4

Because of the way that jQuery deals with script tags, I've found it necessary to do some HTML manipulation using regular expressions (yes, I know... not the ideal tool for the job). Unfortunately, it seems like my understanding of how captured groups work in JavaScript is flawed, because when I try this:

var scriptTagFormat = /<script .*?(src="(.*?)")?.*?>(.*?)<\/script>/ig;

html = html.replace(
    scriptTagFormat, 
    '<span class="script-placeholder" style="display:none;" title="$2">$3</span>');

The script tags get replaced with the spans, but the resulting title attribute is blank. Shouldn't $2 match the content of the src attribute of a script tag?

ekad
  • 14,436
  • 26
  • 44
  • 46
Jacob
  • 77,566
  • 24
  • 149
  • 228

5 Answers5

5

Nesting of groups is irrelevant; their numbering is determined strictly by the positions of their opening parentheses within the regex. In your case, that means it's group #1 that captures the whole src="value" sequence, and group #2 that captures just the value part.

Alan Moore
  • 73,866
  • 12
  • 100
  • 156
1

The .*? matches too much because the following group is optional, ==> your src is matched from one of the .*? around. if you remove the ? after your first group it works.

Update: As @morja pointed out your solution is to move the first .*? into the optional src part.

Just for completeness: /<script (?:.*?(src="(.*?)"))?.*?>(.*?)<\/script>/ig

You can see it here on rubular (corrected my link also)

If you don't want to use the content of the first capturing group, then make it a non capturing group using (?:)

/<script (?:.*?(?:src="(.*?)"))?.*?>(.*?)<\/script>/ig

Then your wanted result is in $1 and $2.

stema
  • 90,351
  • 20
  • 107
  • 135
  • I just want to capture the `src` attribute of a `script` tag, if it exists, no matter where it is in the tag. – Jacob May 05 '11 at 21:59
1

Try this:

/<script (?:(?!src).)*(?:src="(.*?)")?.*?>(.*?)<\/script>/ig

See here: rubular

As stema wrote, the .*? matches too much. With the negative lookahead (?:(?!src).)* you will match only until a src attribute.

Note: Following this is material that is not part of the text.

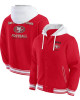San Francisco 49ers Scarlet Cotton Hooded Jacket San Francisco 49ers Scarlet Cotton Hooded Jacket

But actually in this case you could also just move the .*? into the optional part:

/<script (?:.*?src="(.*?)")?.*?>(.*?)<\/script>/ig

See here: rubular

morja
  • 8,297
  • 2
  • 39
  • 59
0

Could you post the html you are retrieving? Your code works fine in a simple example: jsfiddle (warning: alert box)

My first guess is that one of your script tags does not have a src meaning you are left with a single capture group (the script contents).

WSkid
  • 2,736
  • 2
  • 22
  • 26
  • Interesting... if you put a `type="text/javascript"` in front of the `src` attribute, you'll see the problem. It looks like it might not be the groups that are the problem but rather the way that non-greedy captures work. – Jacob May 05 '11 at 20:57
0

I'm thinking that regular expressions by themselves can't do exactly what I'm looking for, so here's my modification to work around the problem:

var scriptTagFormat = /<script\s+((.*?)="(.*?)")*\s*>(.*?)<\/script>/ig;

html = html.replace(
    scriptTagFormat, 
    '<span class="script-placeholder" style="display:none;" $1>$4</span>');

Before, I wanted to avoid setting non-standard attributes on the replacement span. This code blindly copies all attributes instead. Luckily, the non-standard attributes aren't stripped out of the DOM when I insert the HTML, so it will work for my purposes.

Jacob
  • 77,566
  • 24
  • 149
  • 228